As a response, the head of security at Equifax, an executive with a music degree, not a computer science degree or anything related to security, was fired from her position. Shortly after, the CEO of Equifax was fired, but he still walked away with a $90 million golden parachute payment on his exit. The rest of us are stuck trying to keep our information safe and avoid identity theft.
Steps to prevent fraud and stay safe from identity theft
Virtually every American adult with any credit card or loan in the last ten years has a credit report with Equifax, so most of us can safely assume we were victims of the breach. To be certain, you can head to this Equifax website to find out for sure.
Equifax is offering a year of its identity theft service for free to victims of the breach, but there are other options available at no cost where you don’t have to sign up with Equifax. I would rather trust to a company that didn’t just leak everything needed to open a credit card under my name.
The best option is to stay vigilant and sign up for free credit monitoring from one of a handful of providers. Some favorites are free credit score websites Credit Karma and Credit Sesame or password security tool LastPass, which also offers credit report monitoring.
With credit report monitoring, every time a change is made on your credit report, such as a paid off balance, new credit application, or new credit account, you get an instant notification. If it was activity that you did yourself, you have nothing to worry about. If it is unrecognized, you can quickly act to shut down the account and prevent further fraud.
If you want to lock your account down completely, you have a more secure option but it also requires some expense and extra work on your part. You can lock your credit at any of the major three bureaus, but for maximum protection may want to lock your credit at all three. Depending on your state, the fee is up to $10.
Once your credit is locked, each time you want to apply for new credit you have to unlock your credit. You can generally do this for a specific period of time, for example 48 hours, during which you can apply for a new loan or credit card. Each time you unlock, expect another fee of up to $10.

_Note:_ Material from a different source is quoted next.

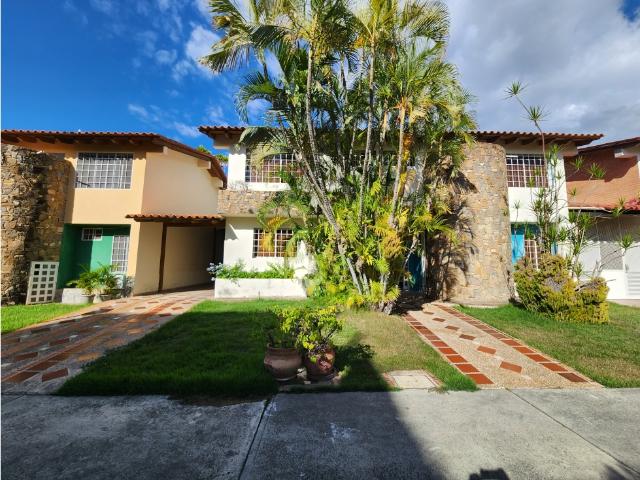 CASA URB. POA POA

Because locking your credit costs money and is a bit of a hassle, unless you are already a victim of identity theft or suspect an identity theft is coming soon, you may prefer to just sign up for monitoring. However, if you feel better keeping your credit on lock-down, there is no harm outside of a little extra time and money when you apply for future credit accounts.

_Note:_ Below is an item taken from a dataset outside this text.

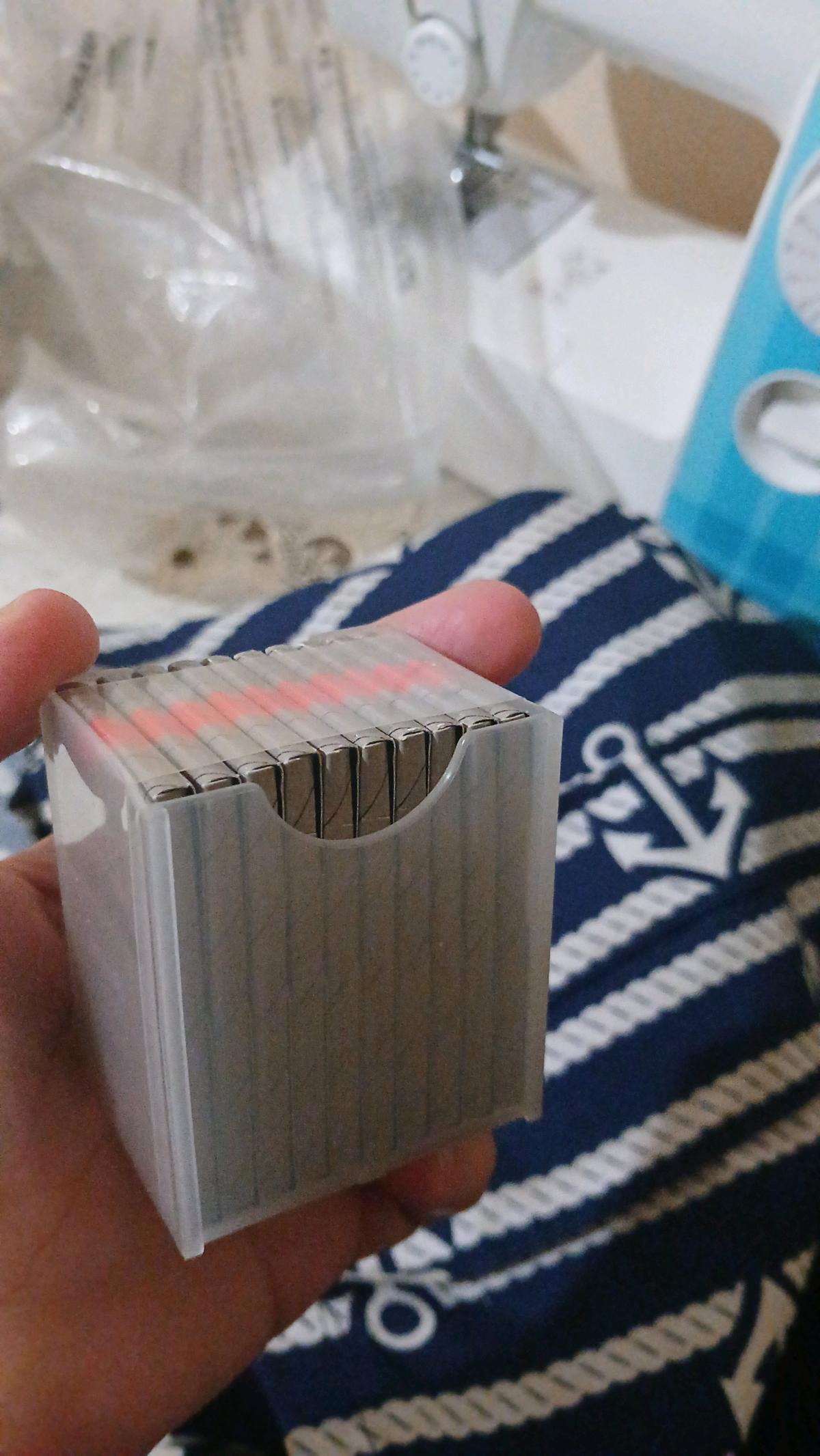 آلة الخياطة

Always stay aware and alert
The best defense against identity theft is keeping your information as safe and secure as possible. Unfortunately for all of us, the cat is already out of the bag in this case. Unless the government issues everyone a new social security number or all lenders join in a PIN based security system, it is important that every American consumer stay appraised of what is happening on their credit reports.
A little effort to sign up for free credit monitoring might just save you hours of work and thousands of dollars in expenses in the future. Always do everything you can to keep your credit secure and respond quickly when suspicious activity appears. If you do, you have little to worry about.